They require less loss of tooth material than telescopic crowns and give a better aesthetic, within the limitations of a smaller element surface area and lower stability. The Pros and Cons of bespoke and off the shelf attachments:
- They are comparable, where the bespoke attachments are often more secure due to the precision manufacture and choice of materials.
- Because of the mechanical burden through rotational and tilting forces, there is a risk of deformation and breakage.
Bar connectors are primarily seen as locking and therefore stabilising elements. They are frequently used in combination with implants. The main disadvantage of the bar connector is the difficulty in cleaning and thus an increased likelihood of inflammation of the gingival tissue. Bar connectors also require more space and this provides the dental technician with additional challenges (1, 2, 3). The flexibility for future expansion or adaptation of the prosthesis is also limited when compared to telescopic attachments (1).
Bolt or key slides
An ideal retaining element is the individually produced or ready-made swinging hinge.
It enables friction-free insertion and removal of the denture. In the locked setting the detachable denture section is fixed securely using a swinging hinge.
The disadvantage is the elaborate construction and the frequent steric problems for the placement of the bolt. Additionally, the bolt requires considerable manual dexterity on behalf of the patient!
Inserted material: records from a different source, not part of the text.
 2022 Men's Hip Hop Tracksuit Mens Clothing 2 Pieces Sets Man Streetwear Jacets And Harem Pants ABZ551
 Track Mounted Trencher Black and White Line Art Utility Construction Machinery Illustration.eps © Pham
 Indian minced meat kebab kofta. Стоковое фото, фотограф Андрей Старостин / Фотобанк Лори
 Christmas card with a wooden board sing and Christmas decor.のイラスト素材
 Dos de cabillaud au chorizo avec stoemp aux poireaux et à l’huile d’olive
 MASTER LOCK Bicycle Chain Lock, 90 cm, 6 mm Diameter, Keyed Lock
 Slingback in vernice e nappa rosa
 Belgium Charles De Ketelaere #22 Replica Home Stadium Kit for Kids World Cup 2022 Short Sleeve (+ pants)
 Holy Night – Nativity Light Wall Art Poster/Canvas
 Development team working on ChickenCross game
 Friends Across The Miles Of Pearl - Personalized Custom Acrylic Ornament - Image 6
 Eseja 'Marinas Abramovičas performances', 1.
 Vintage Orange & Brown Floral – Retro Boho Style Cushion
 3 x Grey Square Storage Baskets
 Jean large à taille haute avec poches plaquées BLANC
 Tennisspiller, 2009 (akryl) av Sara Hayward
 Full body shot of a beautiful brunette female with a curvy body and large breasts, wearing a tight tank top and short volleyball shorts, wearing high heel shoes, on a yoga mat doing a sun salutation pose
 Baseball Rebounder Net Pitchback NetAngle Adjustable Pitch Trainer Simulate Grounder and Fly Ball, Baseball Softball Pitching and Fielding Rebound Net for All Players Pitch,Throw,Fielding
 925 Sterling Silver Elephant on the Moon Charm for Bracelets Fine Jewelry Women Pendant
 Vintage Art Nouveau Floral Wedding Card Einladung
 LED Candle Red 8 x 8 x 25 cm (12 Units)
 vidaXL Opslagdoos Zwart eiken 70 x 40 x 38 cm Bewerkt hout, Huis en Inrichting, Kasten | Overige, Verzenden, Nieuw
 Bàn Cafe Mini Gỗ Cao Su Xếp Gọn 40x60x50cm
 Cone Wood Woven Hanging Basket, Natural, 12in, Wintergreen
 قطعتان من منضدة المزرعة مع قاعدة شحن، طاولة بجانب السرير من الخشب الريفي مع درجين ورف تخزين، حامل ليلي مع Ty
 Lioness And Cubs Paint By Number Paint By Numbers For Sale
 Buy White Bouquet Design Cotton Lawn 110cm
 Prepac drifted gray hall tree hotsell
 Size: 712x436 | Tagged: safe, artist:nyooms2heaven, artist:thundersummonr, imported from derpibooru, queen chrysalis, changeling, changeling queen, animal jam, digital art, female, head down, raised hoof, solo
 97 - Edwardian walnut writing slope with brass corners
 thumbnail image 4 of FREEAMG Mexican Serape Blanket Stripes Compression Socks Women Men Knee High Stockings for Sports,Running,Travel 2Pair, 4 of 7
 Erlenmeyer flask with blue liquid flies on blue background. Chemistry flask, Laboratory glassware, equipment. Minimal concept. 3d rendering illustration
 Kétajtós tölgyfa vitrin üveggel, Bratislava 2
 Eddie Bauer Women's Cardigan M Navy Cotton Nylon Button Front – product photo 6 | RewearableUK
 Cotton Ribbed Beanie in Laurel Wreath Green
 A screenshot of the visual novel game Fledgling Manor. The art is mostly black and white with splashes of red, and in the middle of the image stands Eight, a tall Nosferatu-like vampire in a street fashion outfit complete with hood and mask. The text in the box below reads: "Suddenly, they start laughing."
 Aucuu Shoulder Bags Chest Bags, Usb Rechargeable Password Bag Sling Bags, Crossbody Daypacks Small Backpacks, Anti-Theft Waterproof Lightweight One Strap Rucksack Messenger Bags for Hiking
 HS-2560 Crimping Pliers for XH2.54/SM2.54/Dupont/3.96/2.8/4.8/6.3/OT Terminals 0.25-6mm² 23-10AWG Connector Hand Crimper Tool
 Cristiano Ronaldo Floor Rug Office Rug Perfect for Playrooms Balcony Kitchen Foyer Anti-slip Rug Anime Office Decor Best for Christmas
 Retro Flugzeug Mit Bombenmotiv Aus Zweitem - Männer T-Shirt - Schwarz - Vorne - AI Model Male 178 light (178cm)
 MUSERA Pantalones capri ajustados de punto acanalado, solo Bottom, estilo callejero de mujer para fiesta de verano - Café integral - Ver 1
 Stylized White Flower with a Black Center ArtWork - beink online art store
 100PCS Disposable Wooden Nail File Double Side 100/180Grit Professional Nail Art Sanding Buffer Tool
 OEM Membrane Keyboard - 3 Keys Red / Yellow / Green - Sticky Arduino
This article provides an overview of a wide variety of European answers to providing cost effective and aesthetic solutions for patients using precision connecting elements. Precision milling bridges the gap between conventional dentures and pure implant solutions and give the dental practitioner a wider toolkit to match individual circumstances, taking into account no only the physical oral environment of each patient but also their financial and aesthetic aspirations. Each type of precision connecting element – telescopic, attachments, bars and bolts or key slides – has its own unique features in preparation and application. It is my intention to consider these in more detail individually in future articles if the reader is interested. The manufacture of a perfect prosthesis, one that is not perceived a foreign body in the mouth by the patient, requires great mechanic skill from a dentist and dental technician. Only the close interaction by both specialists delivers the desired result for the patient.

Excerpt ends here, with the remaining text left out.